Blog by Sumana Harihareswara, Changeset founder
PDFtk, qpdf, And Dealing With Password-Protected PDFs
I slice, dice, and transform documents often enough that I rely frequently on pandoc and pdftk. I often use
pandoc to turn Markdown, HTML, wiki syntax, reStructuredText, etc. into each other or into LibreOffice, MS Office, etc. And I use
pdftk-java technically) to say, "turn pages 1 & 5 from this PDF into a new one" or "concatenate these 4 PDFs into a new one".
Recently I wanted to take a password-protected file, select several page ranges from it, and emit a new non-protected file. I ran into a problem while trying to do this:
Error: Invalid PDF: unknown.encryption.type.r
Error: Failed to open input PDF file:
Errors encountered. No output created.
Done. Input errors, so no output created.
I looked around and found this GitLab issue -- more recent PDFs are often protected with AES256 which isn't yet supported. Thanks to ergo mesh in that thread who pointed to a solution: qpdf. I am more familiar with
pdftk's syntax so I did it in two steps:
qpdf redacted-name-of-file.pdf --replace-input --password=SECRETPASSWORD --decrypt # note to self: remove this entry from history later
pdftk redacted-name-of-file.pdf cat 3-8 10-16 output /tmp/redacted-file-unprotected-edited.pdf
but I'm likely to learn
qpdf's page selection syntax soon and switch to it entirely, in which case I could have done this in one step. I also could have saved the password in a file and then read it into
qpdf instead of typing it on the command line, which I'll probably start doing.
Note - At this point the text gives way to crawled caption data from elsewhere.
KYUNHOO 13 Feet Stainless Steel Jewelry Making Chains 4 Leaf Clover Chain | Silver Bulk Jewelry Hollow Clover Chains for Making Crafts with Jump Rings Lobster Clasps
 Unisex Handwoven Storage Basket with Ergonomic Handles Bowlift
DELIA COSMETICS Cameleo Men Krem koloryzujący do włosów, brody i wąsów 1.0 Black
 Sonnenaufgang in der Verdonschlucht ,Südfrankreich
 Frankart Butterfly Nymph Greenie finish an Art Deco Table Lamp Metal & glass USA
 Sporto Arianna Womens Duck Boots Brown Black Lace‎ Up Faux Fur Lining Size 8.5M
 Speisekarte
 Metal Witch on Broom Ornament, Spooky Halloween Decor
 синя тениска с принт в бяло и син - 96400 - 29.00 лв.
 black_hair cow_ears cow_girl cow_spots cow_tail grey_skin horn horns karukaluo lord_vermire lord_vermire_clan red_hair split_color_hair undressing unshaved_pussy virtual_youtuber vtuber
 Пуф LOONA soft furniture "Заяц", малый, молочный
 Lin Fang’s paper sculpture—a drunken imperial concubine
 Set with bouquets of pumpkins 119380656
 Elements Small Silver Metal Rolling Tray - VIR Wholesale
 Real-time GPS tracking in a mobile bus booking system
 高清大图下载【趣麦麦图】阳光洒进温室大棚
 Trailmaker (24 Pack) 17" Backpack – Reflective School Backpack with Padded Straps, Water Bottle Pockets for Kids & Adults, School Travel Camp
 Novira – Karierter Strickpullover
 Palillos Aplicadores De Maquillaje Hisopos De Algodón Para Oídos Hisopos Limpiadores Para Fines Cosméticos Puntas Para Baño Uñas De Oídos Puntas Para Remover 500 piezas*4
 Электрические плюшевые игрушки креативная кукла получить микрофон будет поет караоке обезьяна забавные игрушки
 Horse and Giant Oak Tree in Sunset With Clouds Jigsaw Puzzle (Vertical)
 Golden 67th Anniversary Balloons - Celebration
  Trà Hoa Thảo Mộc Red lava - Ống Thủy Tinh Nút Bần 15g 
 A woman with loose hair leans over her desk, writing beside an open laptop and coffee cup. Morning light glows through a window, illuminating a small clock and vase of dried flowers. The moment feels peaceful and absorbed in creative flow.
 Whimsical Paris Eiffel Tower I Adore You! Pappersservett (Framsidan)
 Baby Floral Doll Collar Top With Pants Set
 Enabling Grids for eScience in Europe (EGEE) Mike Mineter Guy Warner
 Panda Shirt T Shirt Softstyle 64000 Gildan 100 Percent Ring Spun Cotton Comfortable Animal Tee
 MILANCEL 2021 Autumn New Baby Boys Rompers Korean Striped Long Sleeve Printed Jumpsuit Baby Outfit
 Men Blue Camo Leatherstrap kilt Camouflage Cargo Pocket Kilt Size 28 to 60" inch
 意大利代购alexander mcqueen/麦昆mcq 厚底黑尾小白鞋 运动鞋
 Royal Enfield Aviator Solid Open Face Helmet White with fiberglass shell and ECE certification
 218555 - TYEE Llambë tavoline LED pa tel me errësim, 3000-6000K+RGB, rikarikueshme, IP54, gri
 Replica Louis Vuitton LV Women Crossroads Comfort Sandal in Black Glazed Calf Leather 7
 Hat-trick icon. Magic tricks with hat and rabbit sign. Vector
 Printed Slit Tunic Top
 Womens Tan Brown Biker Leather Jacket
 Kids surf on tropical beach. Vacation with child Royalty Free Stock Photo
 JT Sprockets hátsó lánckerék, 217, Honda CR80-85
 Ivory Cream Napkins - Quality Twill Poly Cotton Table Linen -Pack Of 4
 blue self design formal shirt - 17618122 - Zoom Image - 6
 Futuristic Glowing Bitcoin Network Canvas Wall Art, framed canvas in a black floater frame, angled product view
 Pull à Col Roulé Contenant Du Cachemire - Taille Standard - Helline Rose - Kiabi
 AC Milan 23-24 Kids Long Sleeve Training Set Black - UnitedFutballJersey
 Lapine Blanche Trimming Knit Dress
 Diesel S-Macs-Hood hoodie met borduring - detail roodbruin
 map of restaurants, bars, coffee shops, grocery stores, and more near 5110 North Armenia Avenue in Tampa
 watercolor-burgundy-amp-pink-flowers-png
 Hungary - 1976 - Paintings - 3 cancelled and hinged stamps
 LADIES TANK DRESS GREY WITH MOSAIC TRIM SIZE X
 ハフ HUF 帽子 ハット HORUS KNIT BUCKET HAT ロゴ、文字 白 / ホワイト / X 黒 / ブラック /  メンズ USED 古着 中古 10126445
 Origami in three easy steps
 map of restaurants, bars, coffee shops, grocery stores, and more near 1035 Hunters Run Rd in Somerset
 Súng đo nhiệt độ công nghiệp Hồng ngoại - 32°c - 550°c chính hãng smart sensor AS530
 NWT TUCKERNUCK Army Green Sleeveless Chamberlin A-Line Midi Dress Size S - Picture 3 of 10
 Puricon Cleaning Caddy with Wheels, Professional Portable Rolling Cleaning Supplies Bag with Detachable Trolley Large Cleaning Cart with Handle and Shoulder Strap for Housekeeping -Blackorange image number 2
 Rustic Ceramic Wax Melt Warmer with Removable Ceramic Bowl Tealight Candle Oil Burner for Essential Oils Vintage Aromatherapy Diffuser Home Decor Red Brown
But here's how I remove a specific item from my bash history:
history -a # append recent history
history # print out history lines, so user can look for the offset number of the relevant line, e.g., 301
history -d 301 # now it's gone from the current history list!
history -w # actually seal the deal & write the deletion to the history file
Hope this helps! Also, the
qpdf documentation on how PDF encryption/password protection works is pretty enlightening.
06 May 2022, 18:30 p.m.